We can rewrite 𝐹 sub 𝐷 in terms of the parameters it relies on. And 𝐹 sub 𝑔, we know, is equal to the mass of the skydiver times 𝑔, where 𝑔, the acceleration due to gravity, is 9.8 meters per second squared. So one-half the skydiver’s area times the air density times the drag coefficient times the terminal velocity squared is equal to the skydiver’s mass times 𝑔. Or 𝑣 sub 𝑇, the skydiver’s terminal velocity, is the square root of two 𝑚𝑔 divided by 𝐴, the skydiver’s area, times the density, 𝜚, multiplied by the drag coefficient. When we plug in for all these values and solve for 𝑣 sub 𝑇, we find it’s equal to 115 meters per second. That’s the maximum speed that this skydiver will achieve. Let’s summarize what we we’ve learned about drag and terminal velocity.

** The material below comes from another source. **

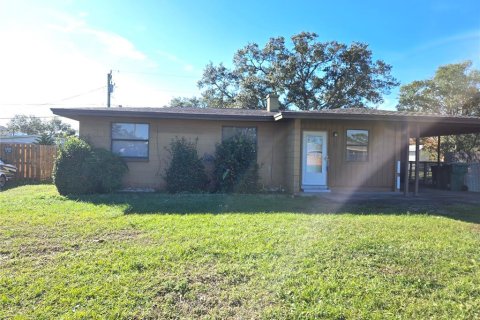 Villa ou maison à louer à Cocoa, Floride: 3 chambres, 94.2 m2 № 1905143 - photo 1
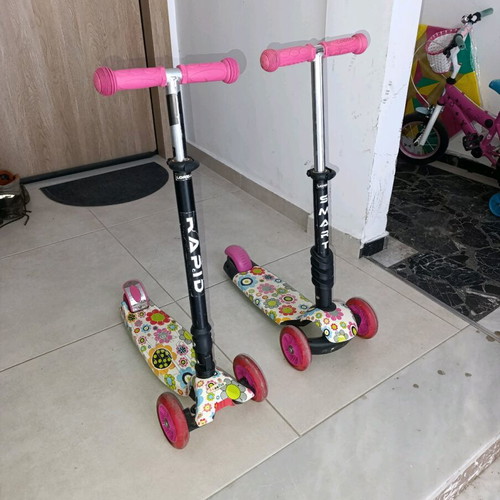 Children's scooters used, adjustable height, light-up wheels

We’ve seen that drag is a force that’s caused by a fluid’s resistance to an object moving through it. Written as a function, the drag force connects several parameters of the object moving through the fluid and the fluid itself. The drag force magnitude depends on the object’s cross-sectional area 𝐴. It depends on the object’s drag coefficient, 𝐶 sub 𝐷. It depends on the density of the fluid the object is moving through, 𝜚. And it also depends on the object’s speed, 𝑣, squared. This functional form tells us that if an object’s speed is doubled, then the drag force is quadrupled. And finally, when the force of gravity and the drag force balance on a freely falling object, that object has reached its maximum speed, also called its terminal velocity. In idealized exercises, we often neglect the drag force. But in real-life scenarios, it has an important effect on object motion.